The guerrillas of the Revolutionary Armed Forces of Colombia (FARC) in particular have cashed in on the domestic marijuana boom, and are believed to be behind the trade in two of the country’s main production centers — the southern department of Cauca and the eastern department of Meta.
The narco-paramilitary groups labeled the BACRIM (from the Spanish abbreviation for “criminal bands”) also have a role in the trade, and control production in the traditional marijuana heartland of the northern department of Magdalena, according to police.
However, the dramatic decrease in cocaine seizures is far more difficult to explain. While according to the United Nations, coca cultivation in Colombia has fallen, cocaine production has remained stable, and has certainly not decreased sufficiently to account for such a drastic drop.

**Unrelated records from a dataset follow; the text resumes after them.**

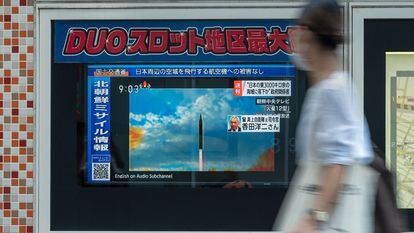 Una mujer pasa ante una pantalla en Tokio donde se informa sobre el lanzamiento de misiles por Corea del Norte, este martes.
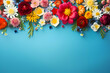 Colorful spring flowers on blue background.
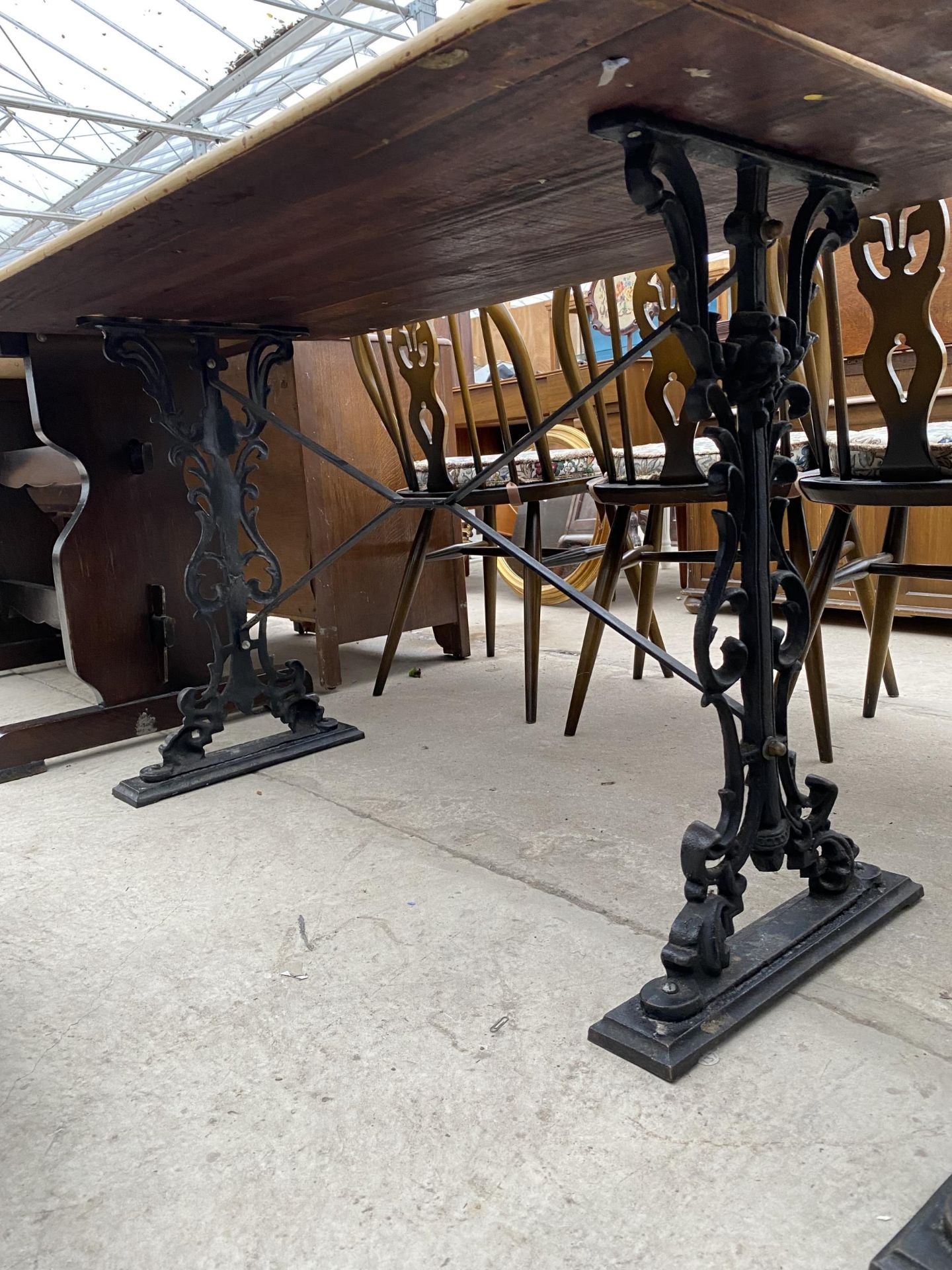 A PUB TABLE ON CAST IRON BASE, 48X27" - Image 2 of 3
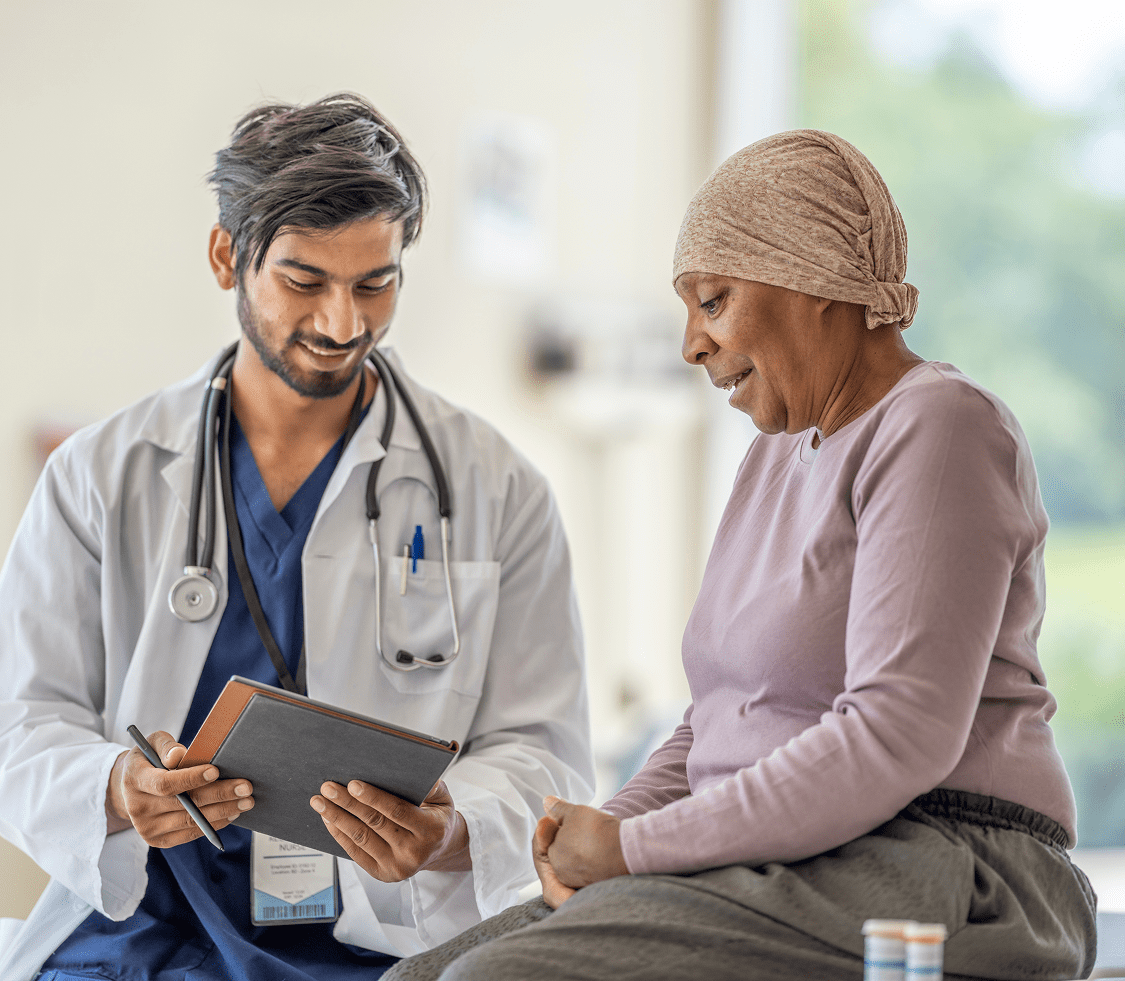 A male NYU Langone doctor talks with a female cancer patient as they look at a chart together.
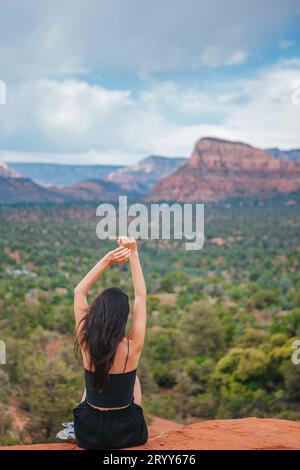 Frau genießt den Blick auf die Landschaft von Sedona von der Spitze des Bell Rock Wanderweges, der für seine vielen Energie-Wirbel und berühmt ist Stockfoto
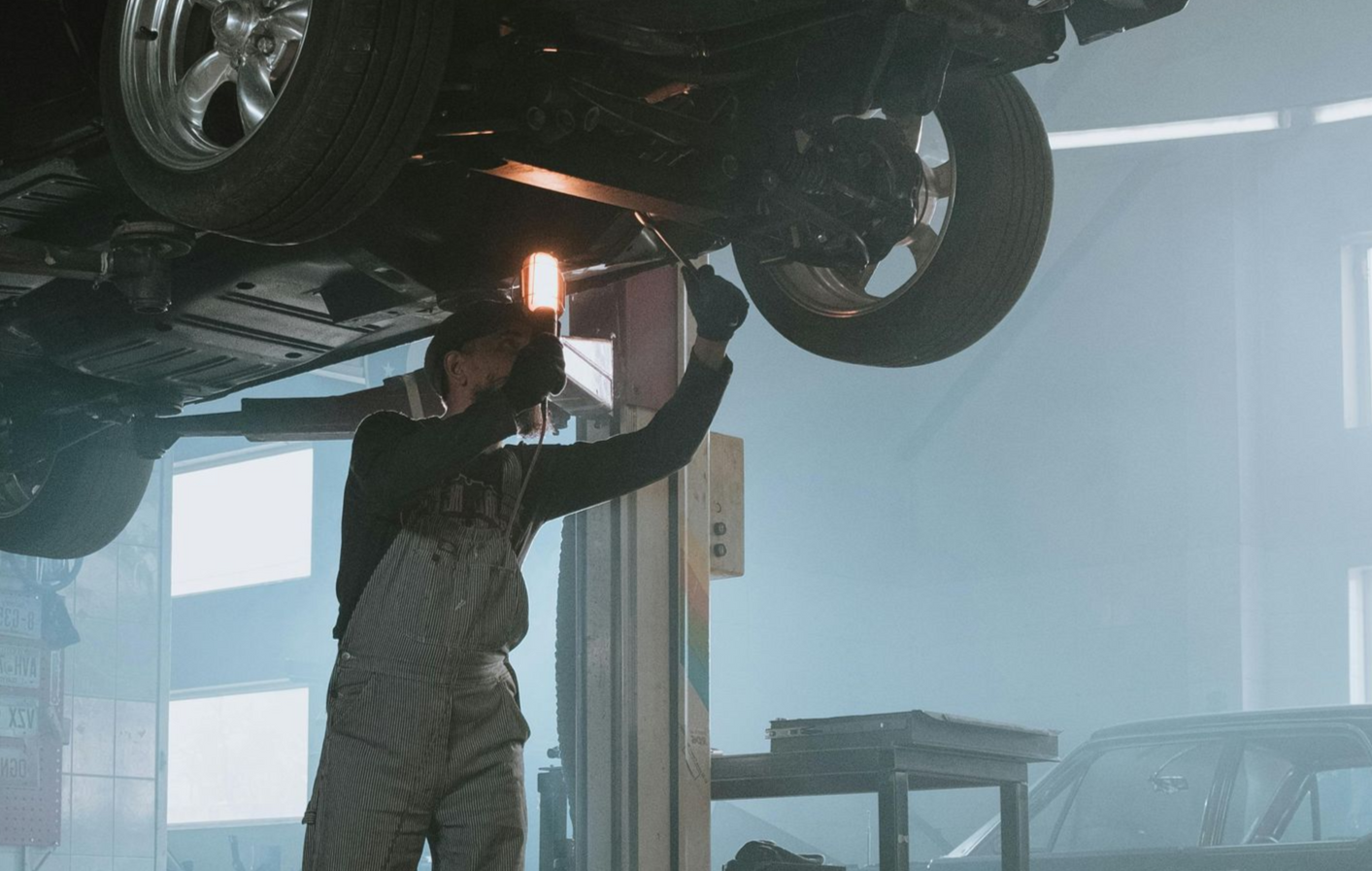 A mechanic works on the undercarriage of a car hoisted on a lift in a dimly lit, foggy workshop.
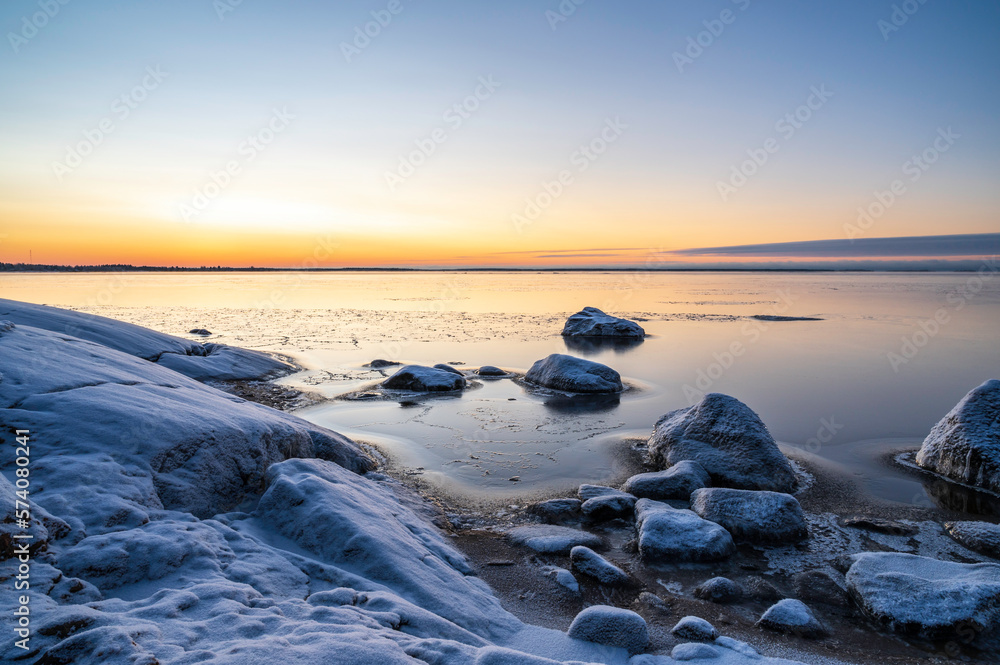 Sunset over the frozen sea and beach. Pörkenäs, Jakobstad/Pietarsaari, Finland Sunset over the frozen sea and beach. Pörkenäs, Jakobstad/Pietarsaari, Finland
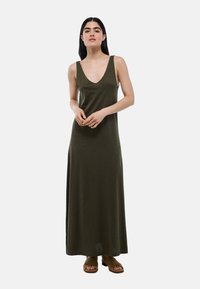 Robe maxi à bretelles spaghetti de couleur vert olive avec un décolleté en V profond, en tissu doux, présentant une coupe décontractée et un ourlet long.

This leaves the possibility that drug traffickers have successfully adapted to counter interdiction efforts after losing large quantities 2012 by increasing use of sophisticated and difficult to detect trafficking techniques, such as the use of submarines, or through new methods or tactics.
Whatever the reason, the decline is a stark reminder of the adaptability of drug traffickers, who inevitably respond to interdiction successes by evolving, not by abandoning their lucrative business.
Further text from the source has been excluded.